Server Version#: 4.104.2
Player Version#: iOS 8.17
Hey guys,
New install here, my setup is that plex is installed via docker container.
docker is run on a linux VM (ESXi 8.0) that sits on my internal network. Docker has access to my nvidia card for hardware enc/dec.
Things that are working:
Server runs, I can connect from outside of the network (remote)
Transcoding via HW appears to work, plex has access to my nvidia hardware.
Things that i’m having problems with:
Plex transcoding to my iphone iOS Plex App (8.17) with quality lowered (to force transcode) seems to be somewhat unstable. Starts right up, I get two minutes of video/audio, and then it tells me my server isn’t fast enough, but the truth is that i’m barely touching server specs, with the HW decoding i’m looking at ~6% CPU so I’m not sure what happens, it eventually dies.
I’m getting A LOT of info in the logs, too much to really parse through, If I go through console and filter on Transcode I seem to be stuck in a bit of a loop.
I’m seeing these two items pretty much on repeat, and I can never resume or start over the encode again.
Interested on best place to start troubleshooting.
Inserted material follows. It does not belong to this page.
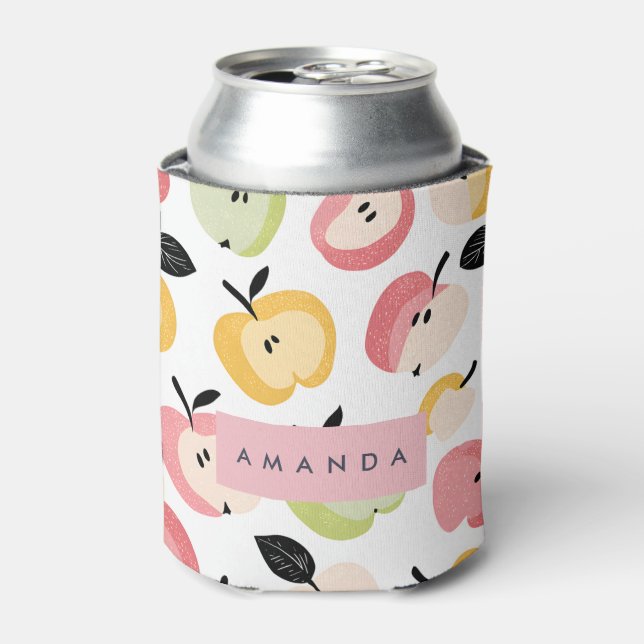 Personalized Colorful Cute Apple Pattern  Can Cooler (Can Front)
It should be known that I have a 6-7 year old install of plex that I have been attempting to migrate to this new box, but had so many problems with transcoding, that I felt like I needed to start from a fresh canvas, It would be my intention to migrate my existing install/database over, but until I can prove that this configuration works from a clean install, I don’t even know if there is a point.
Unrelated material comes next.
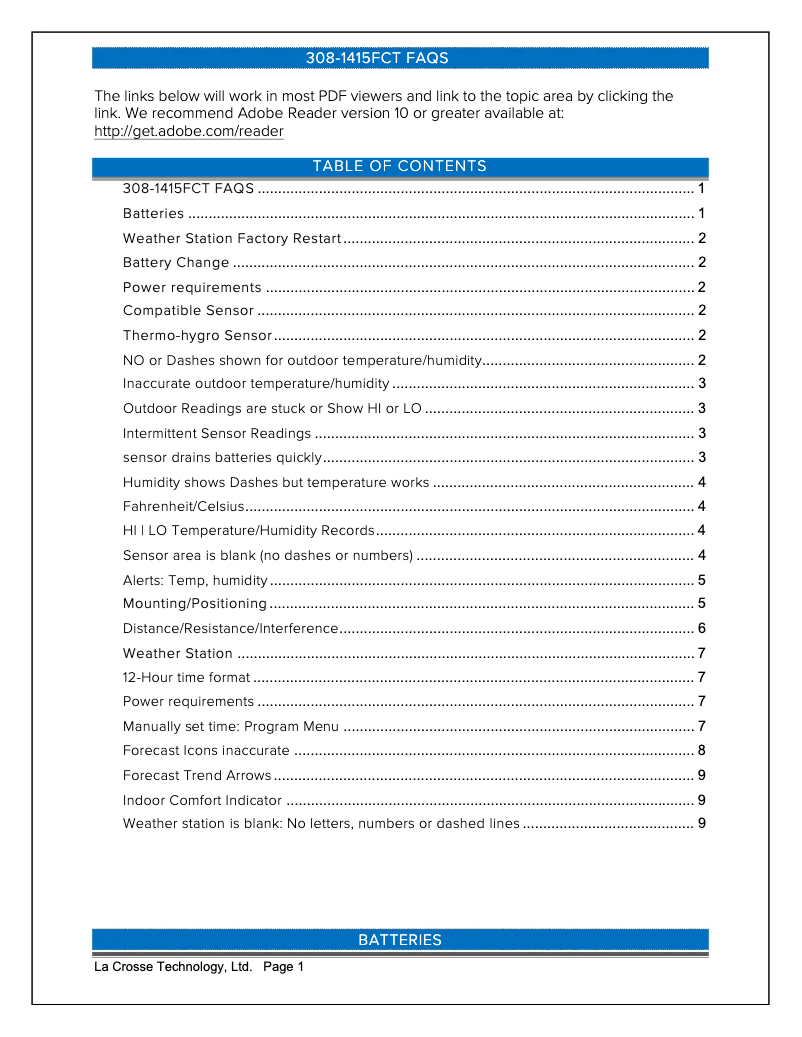 Image de la première page du manuel de l'appareil 308-1415FCTV2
I will challenge you as to why you have a VM + Docker + PMS in that Docker.
Do you know, the Docker environment is the same as the native Ubuntu/Debian runtime environment ? (ESXi VM + Guest OS + Native server == best )
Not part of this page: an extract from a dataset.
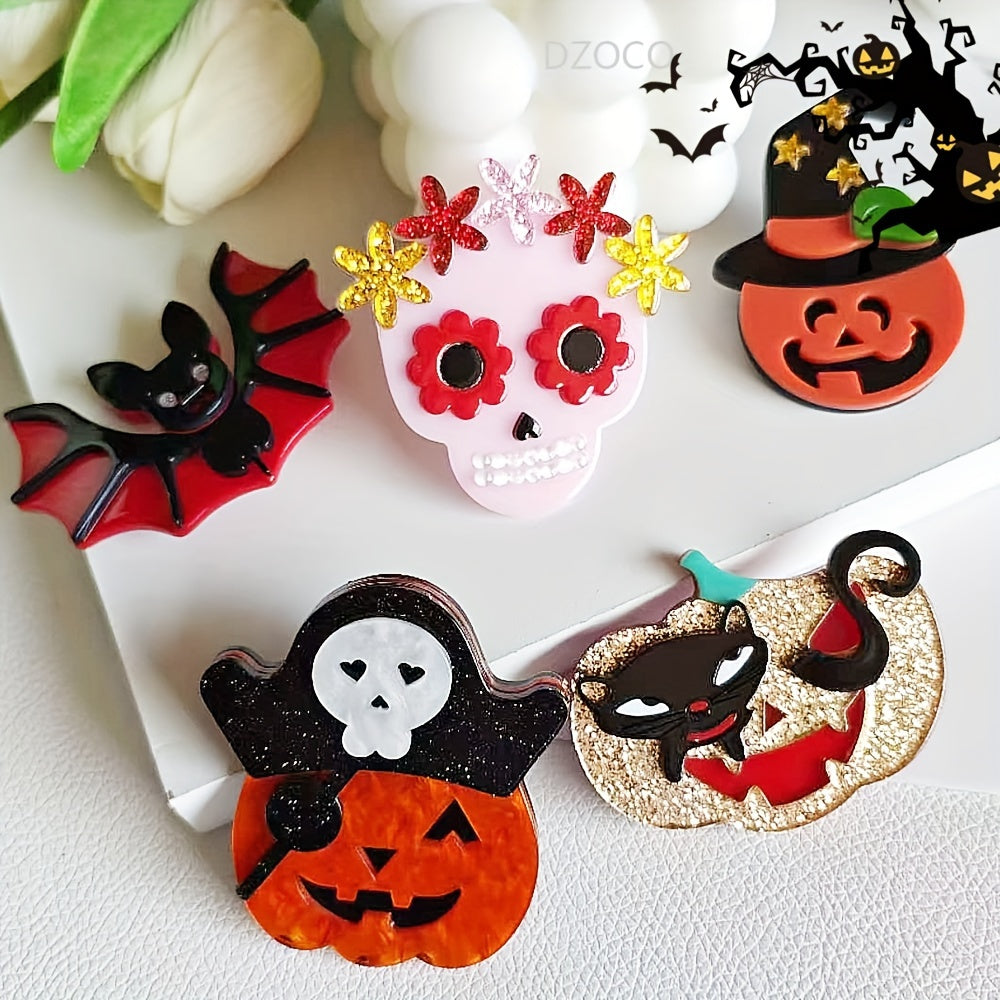 Retro Punk Inspired Acrylic Brooch Pins - Quirky Cartoon Designs for Scarves and Jackets, Featuring Halloween Icons like Pumpkins, Skeletons, and Bats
Also, docker is no longer (not for some time) for hardware transcoding and tone mapping
Actual CPU - The ESXi host has 2x E5-2683 V4 chips, but I’ve allocated 8 cores to the VM that is running this.
The OS I’m using on the VM is Ubuntu 22.04.02
My iOS device will play files direct play, but I specifically changed my quality settings to a reduced quality in an effort to validate transcoding (as I do have remote users that will need to transcode, and I was having this problem in a previous installation so I wanted to validate transcoding worked correctly.
GPU Passthrough incorrect - This could be the case. I’ve tested this as best that I think I can but I could be missing something. I know my VM has access to my GPU by running nvidia-smi from the commandline. I know my docker container has access to my GPU by running nvidia-smi from within the container. I’ve also run ffmpeg -v debug -init_hw_device cuda from the VM to validate that the appropriate access is granted to reach the encoder/decoder. When I was able to get the file to play/transcode, the dashboard within plex did show that i was using the hardware decoder with the (hw) next to the decoding process. This was the only validation I was able to perform though.
Drivers missing - I’m sure this is possible, Wouldn’t know which drivers or where though. I can dig deeper, but any hints would be helpful.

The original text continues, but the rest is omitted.